According to a study recently published in the Nature Metabolism journal, DNA defects in the energy “factories” of a cell increase the chance of survival in patients suffering from bowel cancer, also called colorectal cancer.
Image Credit: Cancer Research UK.
Investigating how DNA mutations, or errors, can fuel the development of cancer and also allow it to adapt and advance has been a major focus of cancer studies. However, most of that focus was directed toward the DNA present in the nucleus of the cell.
According to experts, the mutations found in DNA beyond the nucleus, that is, in structures known as mitochondria, have been “overlooked for decades,” but this could have a major impact on patient survival.
The investigators believe that in the days to come, this data could be used by doctors to identify patients who are suffering from more aggressive forms of bowel cancer so that the most effective treatments can be given to them.
This work highlights just how much more there is to discover about the inner workings of cancer, and all those breakthroughs for people with cancer we have yet to unlock.”
Michelle Mitchell, Chief Executive, Cancer Research UK
While the majority of the human DNA is enclosed at the core of the cells in the nucleus, people also carry a few of these DNAs in their mitochondria, which are tiny structures found in human cells and help convert carbon fuels, like sugar, into energy. A DNA like this is also prone to mutations (errors).
Although scientists have previously detected mitochondrial DNA mutations in cancer cells, not much research has been done on what these mutations do and whether they have any potential impact on treatment response, or how cancer develops.
According to Dr.
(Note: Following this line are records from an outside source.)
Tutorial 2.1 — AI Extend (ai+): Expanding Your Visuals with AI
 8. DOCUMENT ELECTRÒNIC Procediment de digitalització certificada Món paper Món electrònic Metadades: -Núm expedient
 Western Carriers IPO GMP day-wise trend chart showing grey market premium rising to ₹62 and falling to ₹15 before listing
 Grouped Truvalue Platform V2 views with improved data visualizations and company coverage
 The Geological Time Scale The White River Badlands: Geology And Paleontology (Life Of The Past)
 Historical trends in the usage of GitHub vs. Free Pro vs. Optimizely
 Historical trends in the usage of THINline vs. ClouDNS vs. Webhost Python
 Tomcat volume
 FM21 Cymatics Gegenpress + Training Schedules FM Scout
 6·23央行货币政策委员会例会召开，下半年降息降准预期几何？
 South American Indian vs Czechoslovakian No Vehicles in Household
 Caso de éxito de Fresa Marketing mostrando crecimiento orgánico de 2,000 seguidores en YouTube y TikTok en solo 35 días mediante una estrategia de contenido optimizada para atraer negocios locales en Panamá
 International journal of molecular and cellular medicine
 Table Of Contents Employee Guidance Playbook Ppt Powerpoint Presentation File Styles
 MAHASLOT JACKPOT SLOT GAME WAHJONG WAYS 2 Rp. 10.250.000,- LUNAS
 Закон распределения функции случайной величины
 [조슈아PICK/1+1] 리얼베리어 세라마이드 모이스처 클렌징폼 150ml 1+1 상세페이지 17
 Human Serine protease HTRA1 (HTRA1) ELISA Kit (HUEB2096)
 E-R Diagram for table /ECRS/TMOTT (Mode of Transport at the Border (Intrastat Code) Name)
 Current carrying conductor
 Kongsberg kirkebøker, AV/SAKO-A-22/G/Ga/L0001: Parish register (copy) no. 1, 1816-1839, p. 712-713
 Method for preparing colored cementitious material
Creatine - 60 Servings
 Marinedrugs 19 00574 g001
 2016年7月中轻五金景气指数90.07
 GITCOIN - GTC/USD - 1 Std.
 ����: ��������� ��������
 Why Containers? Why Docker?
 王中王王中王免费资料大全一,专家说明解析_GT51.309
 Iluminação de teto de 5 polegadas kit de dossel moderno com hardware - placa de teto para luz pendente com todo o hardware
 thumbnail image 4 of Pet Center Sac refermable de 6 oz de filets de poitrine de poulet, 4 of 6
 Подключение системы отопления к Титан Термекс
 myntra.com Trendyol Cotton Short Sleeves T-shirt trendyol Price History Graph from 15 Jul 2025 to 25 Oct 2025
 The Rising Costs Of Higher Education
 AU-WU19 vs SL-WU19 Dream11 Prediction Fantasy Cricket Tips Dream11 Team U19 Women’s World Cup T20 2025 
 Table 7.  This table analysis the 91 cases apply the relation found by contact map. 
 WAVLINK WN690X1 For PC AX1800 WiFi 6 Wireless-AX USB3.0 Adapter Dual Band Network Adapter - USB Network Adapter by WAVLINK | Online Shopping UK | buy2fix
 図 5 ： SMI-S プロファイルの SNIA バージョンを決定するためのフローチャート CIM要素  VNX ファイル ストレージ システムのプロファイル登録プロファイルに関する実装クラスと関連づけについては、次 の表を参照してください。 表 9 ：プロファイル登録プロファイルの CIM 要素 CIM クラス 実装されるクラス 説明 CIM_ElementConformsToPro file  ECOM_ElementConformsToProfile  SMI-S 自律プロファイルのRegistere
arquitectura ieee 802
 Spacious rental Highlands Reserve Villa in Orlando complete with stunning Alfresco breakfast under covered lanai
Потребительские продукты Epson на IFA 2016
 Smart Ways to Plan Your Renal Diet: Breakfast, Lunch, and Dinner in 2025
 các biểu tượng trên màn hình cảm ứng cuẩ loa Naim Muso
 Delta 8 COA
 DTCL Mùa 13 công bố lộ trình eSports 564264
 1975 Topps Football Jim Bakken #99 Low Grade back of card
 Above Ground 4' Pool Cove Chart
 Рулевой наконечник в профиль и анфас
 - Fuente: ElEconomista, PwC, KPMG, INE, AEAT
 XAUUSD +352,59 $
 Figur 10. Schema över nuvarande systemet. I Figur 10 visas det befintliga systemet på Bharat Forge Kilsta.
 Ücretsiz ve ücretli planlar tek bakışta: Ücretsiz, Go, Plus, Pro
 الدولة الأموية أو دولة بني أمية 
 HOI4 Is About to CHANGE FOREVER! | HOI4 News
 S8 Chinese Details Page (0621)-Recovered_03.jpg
Payam Gammage, the co-lead author of the study and group leader at the Cancer Research UK Beatson Institute, the new study sheds more light on the effect of mitochondrial DNA mutations in cancer, which have been ignored for many years.
To address these concerns, scientists from the Cancer Research UK Beatson Institute in Glasgow teamed up with the Memorial Sloan Kettering Cancer Center in New York to collect and assess the information from the biggest published dataset of tumor specimens that contain mitochondrial genome data and the related clinical outcomes in the patients.
The researchers examined the data obtained from 344 patients with bowel cancer and were able to match the mutation groups to the chance of survival. They observed that, after controlling the other variables, such as age, that impact the risk of cancer, the existence of mitochondrial mutations was linked to 57% to 93% reduced risk of death from bowel cancer, based on the type of mitochondrial DNA error.
This discovery could have a huge impact on patient care, with potential for changes to suggested treatments and a patient’s outlook based upon the mitochondrial DNA status of their cancer. However, further research will be necessary to move these discoveries from the lab to the clinic.”
Dr Payam Gammage, Study Co-Lead and Group Leader, Beatson Institute, Cancer Research UK
“Incredible things can be achieved through research, and the gains are even greater when we collaborate with world-class global institutes like Memorial Sloan Kettering Cancer Center,” Mitchell added.
Beyond bowel cancer
The researchers also wanted to find out how common mitochondrial mutations occur more widely in cancer. They eventually applied advanced genetic methods to inspect the existing data from more than 10,000 tumor specimens across 23 types of cancer to look for frequently repeated mitochondrial mutations.
The team observed that almost 6 in 10 tumor specimens contained mitochondrial mutations, while 25 out of the 30 most commonly mutated genes across different types of cancers were present in the mitochondrial genome.
Such results suggest that mitochondrial mutations are likely to play a crucial role in survival beyond bowel cancer. Additional studies are required to interpret the broader implications of mitochondrial mutations in different types of cancers, and to further investigate the biological basis behind it.
Using data hiding in plain sight, we have shown that a critical piece of the cell’s machinery to make energy is quite often broken in cancers. It now begs the question of how these mutations within mitochondrial DNA might be exploited as drug targets.”
Dr Ed Reznik, Study Co-Lead Author, Memorial Sloan Kettering Cancer Center
Gorelick, A. N., et al. (2021) Respiratory complex and tissue lineage drive recurrent mutations in tumour mtDNA. Nature Metabolism. doi.org/10.1038/s42255-021-00378-8.